I spent a while wondering if I was doing something unusual by running at GIF=0 the whole time. Then I looked at NoirVisor's CVM (Customizable Virtual Machine) implementation. Same pattern. Exit handler runs at GIF=0. No STGI before dispatch. Pre-allocated resources. Defensive MSR reads.

This isn't an accident. It's the natural consequence of the constraint: GIF=0 is the only way to guarantee atomicity of the exit handler. Once you accept that constraint, everything else follows. Pre-allocate what you need. Don't call the kernel. Return zero for unknowns. Keep the handler fast.
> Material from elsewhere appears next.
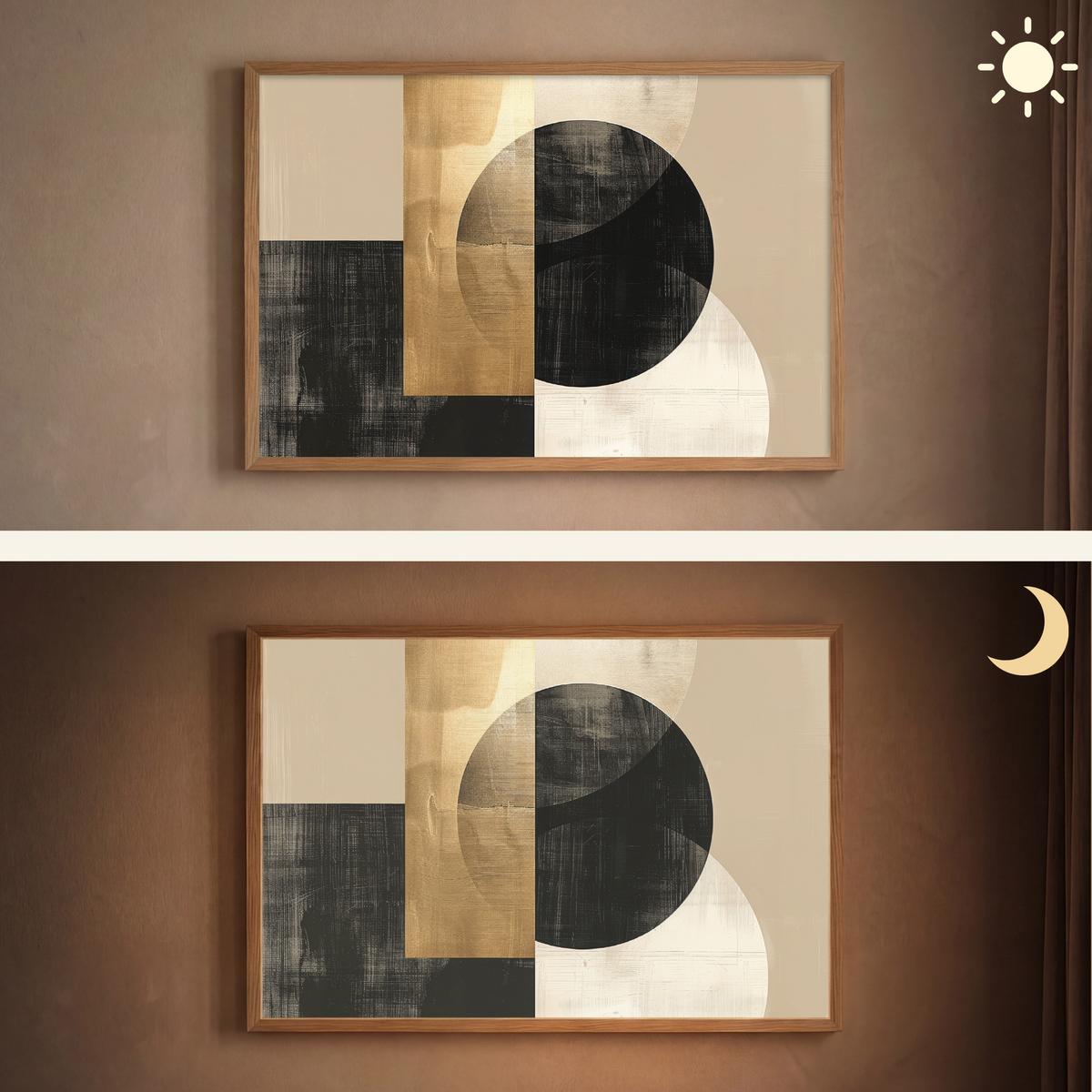 WANDLEUCHTE MIT AKKU Abstrakt - Modern - Schwarz - Gold 90x60 cm - Sandfarben, Holzwerkstoff (90/60/8cm) - OnlyWow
Host TSC compensation/IBPB/vmcb_clean are skipped for guest exits. The guest VMCB doesn't need host stealth measures. Those only matter for the blue-pill VMCB that the Windows kernel is running under. This keeps the guest exit path minimal and fast -- important when you can't afford to spend extra time at GIF=0.

The swap storm lesson

I learned the hard way how painful GIF=0 debugging is. During stage 9 development, I had a "swap storm" where the host kept switching to the guest VMCB after every single host exit. The guest would yield on VMEXIT_INTR, the host would process one exit and immediately re-arm the guest, the guest would yield again. Infinite cycle, system frozen.

The fix was a cooldown counter: after a guest yield, set host_exit_countdown = 50. The host processes 50 exits before considering re-arming the guest. This gives the host time to handle pending work without getting stuck in a ping-pong loop. Simple, but I only discovered it after staring at a frozen machine for three hours.